Funded by $1.9 million from the U.S. Department of Education, Excelsior College is developing the Diagnostic Assessment and Achievement of College Skills (DAACS), an open source assessment tool for targeting resources and services to students based on their academic and non-academic skills. The grant is part of the ED Fund for the Improvement of Postsecondary Education's First in the World program, an initiative "designed to support the development, replication, and dissemination of innovative solutions and evidence for what works in addressing persistent and widespread challenges in postsecondary education for students who are at risk for not persisting in and completing postsecondary programs."

"DAACS will evaluate the skills of incoming students to inform them and the institution of their readiness for college-level work," said DAACS project director Jason Bryer in a press release. "With these data, DAACS will substantially increase the efficacy of our predictive models, allowing Excelsior — and eventually all institutions — to more accurately identify at-risk students and provide targeted outreach."

In place of high-stakes placement exams, DAACS will provide students with formative feedback on each of their assessed weaknesses, information for relearning content and recommendations for specific support services. The assessments will span both academic (e.g., reading, writing and math) and non-academic (e.g., self-regulation, grit, math anxiety and text anxiety) skills, providing a more complete picture of students' abilities and enabling targeted interventions based on students' individual needs. The data from DAACS will inform academic advising and predictive analytics at Excelsior.

Excelsior is developing DAACS in partnership with Rutgers, The State University of New Jersey and the University at Albany.
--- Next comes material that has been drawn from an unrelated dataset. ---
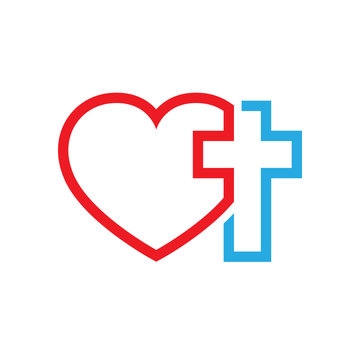 Heart and Christian cross. Vector illustration.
In addition, both Excelsior and Western Governors University will pilot the completed tool to study its effectiveness. After a two-year period of development and piloting, DAACS will freely available for use by any institution.

"Because of its focus on generating actionable feedback and its direct link to effective support services and resources, DAACS has the potential to empower and enable students to become more purposeful and strategic learners," said Timothy Cleary, associate professor at the Rutgers Graduate School of Applied and Professional Psychology. "This project is particularly exciting because it can positively influence the ways in which students — as well as faculty — respond to the inevitable challenges and struggles that so many students experience during college."